Showing posts with label CIF Watch. Show all posts
Showing posts with label CIF Watch. Show all posts

Wednesday, 8 January 2014

Another Anti-Israel Libel by the British Independent?

Screen grab from the UK Independent website, Jan 8th, 2013.

The UK Independent carried a story on the 1st of January, by one Adam Withnall, charging that Arab-Palestinian children are tortured and caged. The article, entitled “Israel government tortures Palestinian children by keeping them in cages, human rights group says”, charged that Israel was keeping Arab-Palestinian children “caged” in public outdoor areas, over a period of months, in severe winter weather:
“An Israeli human rights organisation has accused the government of torturing Palestinian children after it emerged some were kept for months in outdoor cages during winter.
The Public Committee Against Torture in Israel (PCATI) published a report which said children suspected of minor crimes were subjected to “public caging”, threats and acts of sexual violence and military trials without representation.” [original published version]
Such claims would of course be shocking to most readers. To place children (as distinct from late-adolescent teenage ‘youths’), within highly confined outdoor cage-like structures, in appalling weather, over a period of months, would be rightly deemed an act of extreme (if not extraordinary) cruelty, one that would cause a calamitous impact to a robust adult's health, let alone that of children. Furthermore, such actions would be highly traumatising, constituting of a degrading form of treatment.

However, a sceptical response would have been justified, prima facie, for several reasons. Firstly, why would children be kept for several months at a “transition facility in Ramla”, when it is merely a transitional point for the processing of prisoners through the Israeli courts system?
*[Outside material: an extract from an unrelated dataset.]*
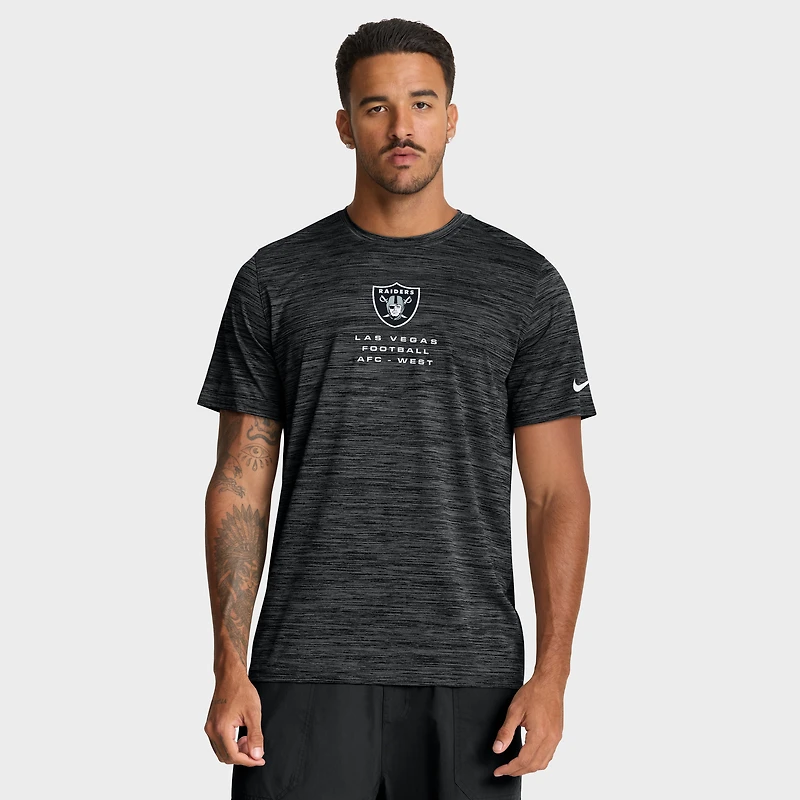 Men's Nike Black Las Vegas Raiders Velocity Ball Carrier Dri-FIT T-Shirt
Moreover, considering the large number of anti-Israel NGOs criticising Israel’s reputation, which are highly-active in the region, why would this account of appalling cruelty have come to light so late in the day?


PCATI

The prejudicial inaccuracy of Withnall’s article’s is exemplified by the fact that it failed to note that the relatively little-known Public Committee Against Torture in Israel is an anti-Israel NGO. Whether PCATI is right or wrong, its politicisation means it has less credence than balanced impartial sources.

PCATI advocates for Israel’s delegitimisation, which is outside of its relevant NGO prisoner-rights remit. The frequent publicising of accusations, of Arab-Palestinian prisoners being ill-treated by the Israeli authorities, without substantive proofs, demonstrates an extremely one-sided politicisation. NGO Monitor notes that one PCATI attorney, Majd Bader, publicly described Arab-Palestinian terrorists, who died for their cause, as “martyrs”. The group receives substantive funding, including monies obtained at an EU level.

Notably, PCATI takes very little interest in Arab-Palestinian abuses of its prisoners. One rare exception is a collective public statement, in 2011, by numerous anti-Israel NGOs, calling for Gilad Schalit to receive better treatment. However, PCATI’s contribution was to a statement made by an NGO collective that largely thought Schalit’s imprisonment by Hamas was justified, morally and legally.


CIFWatch’s rebuttal

CIFWatch published an excellent rebuttal, pointing out that the “caging” charge is extremely dubious. The issue concerned detainees, of unspecific ages, being held outdoors, for a number of hours in a particular Ramla facility, until the arrival of guards to transfer prisoners to the Israeli courts system.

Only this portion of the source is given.